Before WELLFORD and RALPH B. GUY, JR., Circuit Judges, and BAILEY BROWN, Senior Circuit Judge.


ORDER

This case has been referred to a panel of the court pursuant to Rule 9(a), Rules of the Sixth Circuit. Upon examination of the record and briefs, this panel unanimously agrees that oral argument is not needed. Fed. R. App. P. 34(a).

Ralph Hauck moves for in forma pauperis status on appeal and for a speedy hearing and appeals from the district court's order denying his application to proceed in forma pauperis at the district court level.

Hauck filed a petition for a writ of habeas corpus under 28 U.S.C. § 2254. He claimed that he was maliciously prosecuted, and that he was denied the right to consult with his attorney. The district court reviewed the application for in forma pauperis status and affidavit in support and denied the application in an order noted in the margin. Rather than pay the fee, Hauck appealed.

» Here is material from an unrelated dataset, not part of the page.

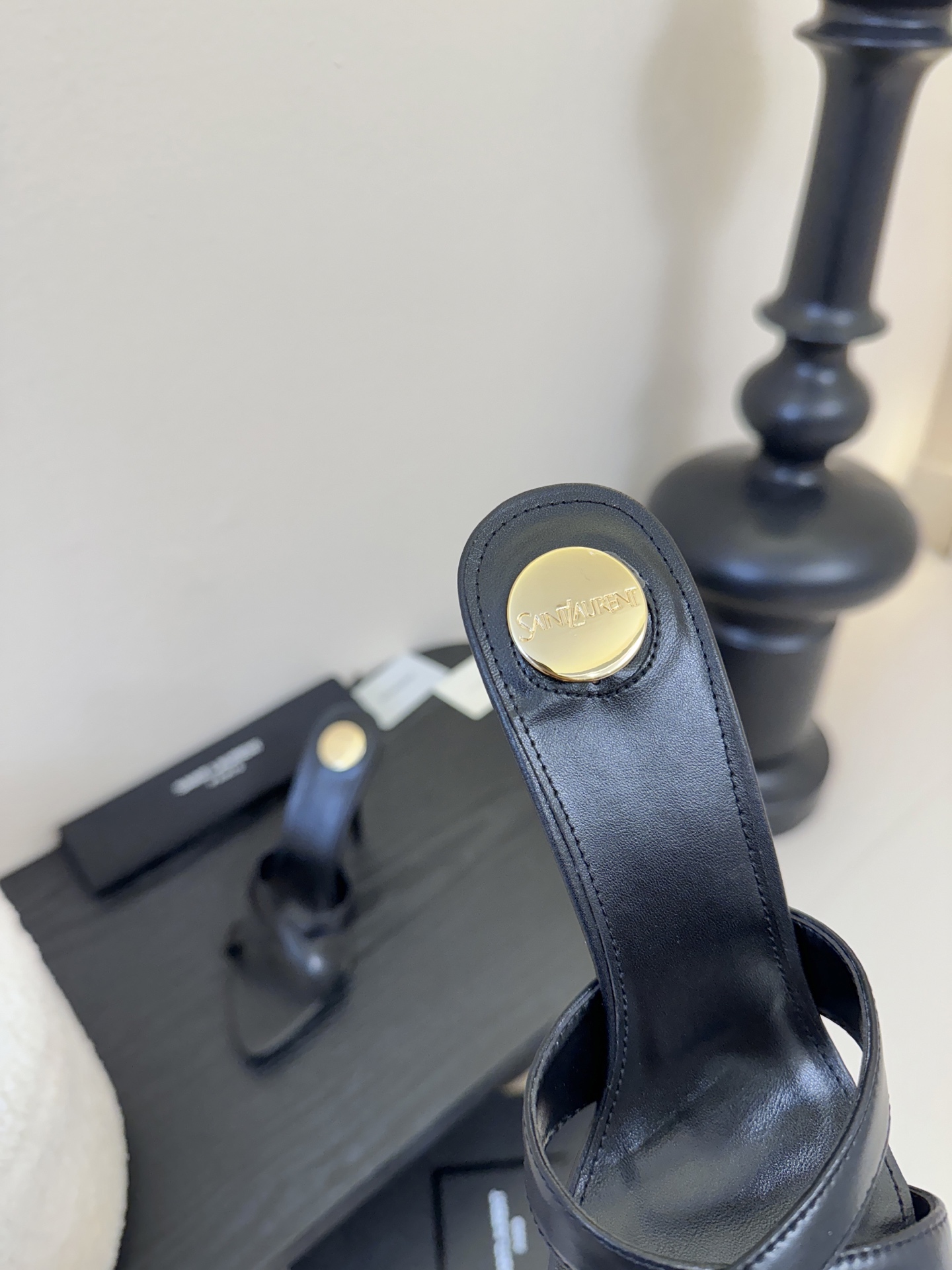 圣罗兰Saint Lauren* ss新YSL Logo高跟鞋拖Ysl走秀款高跟鞋 各种小裙子搭配起来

Upon consideration, we conclude that the district court was within its discretion in requiring petitioner to pay the required filing fee.

Generally, a district court should grant an application to proceed in forma pauperis upon submission of a facially adequate affidavit of indigency. Duhart v. Carlson, 469 F.2d 471, 473 (10th Cir. 1972), cert. denied, 410 U.S. 958 (1973). Further, a party need not be completely destitute in order to proceed in forma pauperis. Adkins v. E.I. DuPont de Nemours & Co., 335 U.S. 331, 339-40 (1948). The decision to grant or deny pauper status is, however, reviewable for an abuse of discretion. See Williams v. Estelle, 681 F.2d 946, 947 (5th Cir. 1982), cert. denied, 469 U.S. 1075 (1984).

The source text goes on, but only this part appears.